Adding to their dissatisfaction is that new veterinarians sometimes receive higher salaries as an enticement to take a job. As a result, the pay can be close to or exceed what long-term employees earn after years of service. Experts call the phenomenon “salary compression,” which can cause staff veterinarians to feel frustrated and undervalued.
If a tenured veterinarian shares such frustration with you, it’s time for an open and honest conversation. Listen carefully to the concerns and, when it’s your time to speak, explain why your practice offers sign-on bonuses and how they can benefit current doctors. For example, employing more veterinarians might reduce the hours each one works or the days they need to be on call, improving everyone’s quality of life. Ask what you can do to alleviate the concerns, and express your appreciation in tangible ways. If what the veterinarian suggests is doable, consider adding the incentives to your practice’s compensation policies.
If parity exists except with a particular doctor or two, focus on a quality solution for those veterinarians. If the situation affects multiple members of the professional team, evaluate whether retention bonuses are appropriate.
Retention bonuses encourage veterinarians to stay for longer periods, which can ease the hiring crunch now and in future years. However, if a veterinarian quits within a specified period, a signed agreement can require reimbursement.

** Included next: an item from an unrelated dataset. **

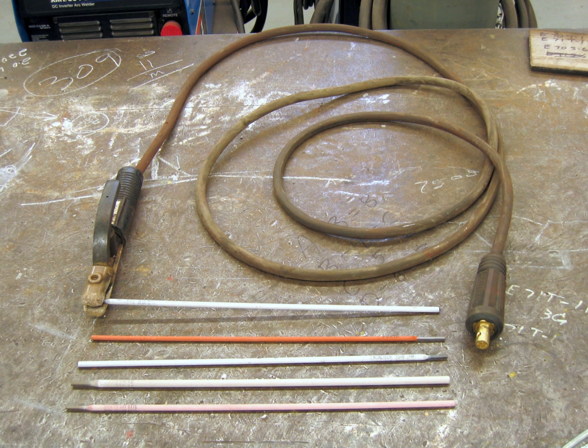In arc welding, an electrode is used to conduct current through a workpiece to fuse two pieces together. Depending upon the process, the electrode is either consumable, in the case of gas metal arc welding or shielded metal arc welding, or non-consumable, such as in gas tungsten arc welding.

How to Negotiate a Retention Bonus
If you’re a tenured veterinarian at a practice offering sign-on bonuses but not retention bonuses, you might be tempted to ask for one. First, however, consider a different request. For example, if you desire a better work-life balance, could Saturdays off help you achieve that goal and be more satisfying than a bonus?
If you decide a bonus is the goal, research job ads and calculate a reasonable amount. Prepare to negotiate like you would when requesting a raise (and consider whether a pay hike would be better and more easily granted).

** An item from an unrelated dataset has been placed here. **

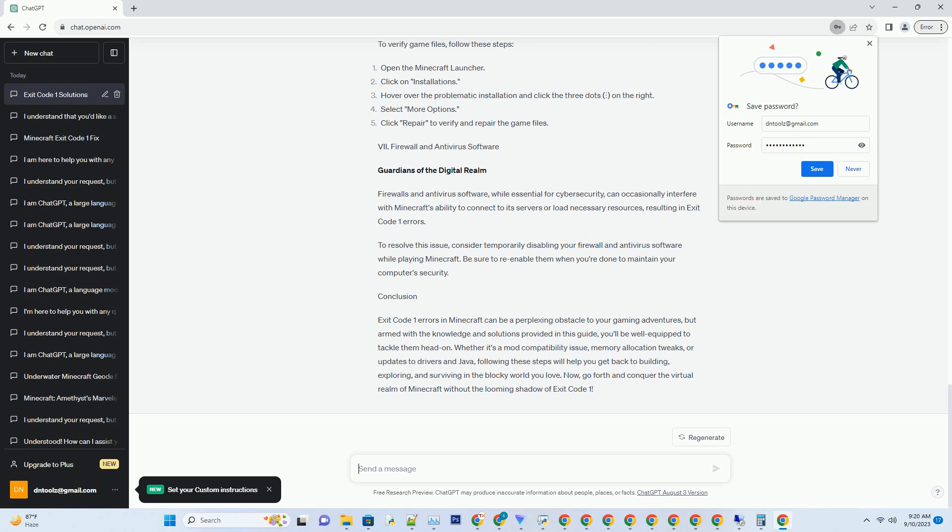Memory allocation tweaks. RAM: the Minecraft fuel. Minecraft, especially when modded, can be quite resource intensive. If your system doesn't have enough RAM allocated to the game, it can result in Exit Code 1 errors. To resolve this, allocate more RAM to Minecraft. To do this, open the Minecraft launcher, click on Installations and select your Minecraft profile. Then click on More Options and locate the JVM arguments section. Adjust the argument related to RAM allocation, example: -Xmx4G for 4GB of RAM. Be cautious not to allocate too much RAM as it may cause performance issues.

Be prepared to discuss what the practice will want in return for a retention bonus. For example, are you willing to remain employed for a set period at the practice? Also, consider whether the bonus should be paid in a lump sum or a series of payments. Be ready to negotiate that as well.
A retention bonus is taxable as supplemental wages, so explore how it would affect your taxes. Once you successfully negotiate a bonus, review the contract language carefully, and make sure you understand and agree with the terms and conditions.

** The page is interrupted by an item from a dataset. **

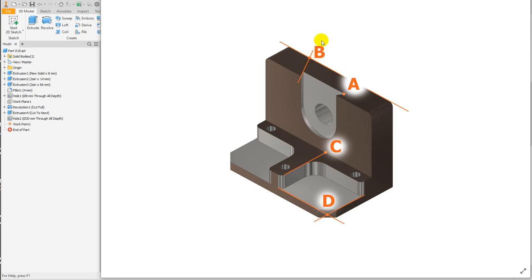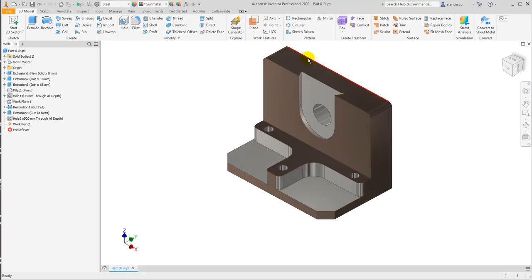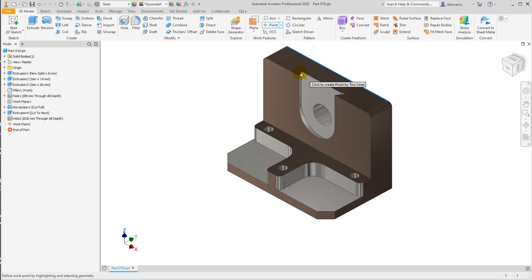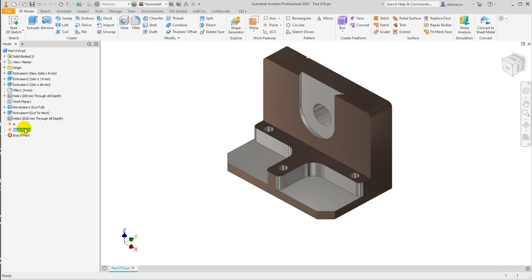Point B is not a vertex, so I use two axes — two real edges. Even if it's a small line, I can use it on the extension to find the location for Point B. I activate the Point tool, select this line and this line, and the point is placed here. This is work point two. I can change the name to 'B', and the previous one to 'A' — no problem.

Don’t wait until your practice is in a Catch-22. During team meetings, allow your professionals to talk about parity, and brainstorm solutions together. Also, ask your practice managers about ways to reward and retain tenured veterinarians.
A BROADER LOOK AT EMPLOYEE RETENTION
If your veterinary practice is experiencing salary compression or hearing complaints from tenured veterinarians when new doctors receive sign-on bonuses, consider the following:
- Does your practice need to reevaluate pay levels? When was the last time you compared yours to the market averages and what top practices offer? What adjustments can you make to mitigate adverse reactions to financial enticements for new hires?
- Can you offer wellness benefits or gym memberships to veterinarians on their first anniversary?
- Could you help employees enroll in leadership-focused continuing education courses that would allow them to take on additional responsibilities and earn attractive compensation?
- If you give two weeks of vacation to a new hire, can tenured doctors get four weeks?
- Can you offer tenured veterinarians more desirable hours, such as no Saturday work?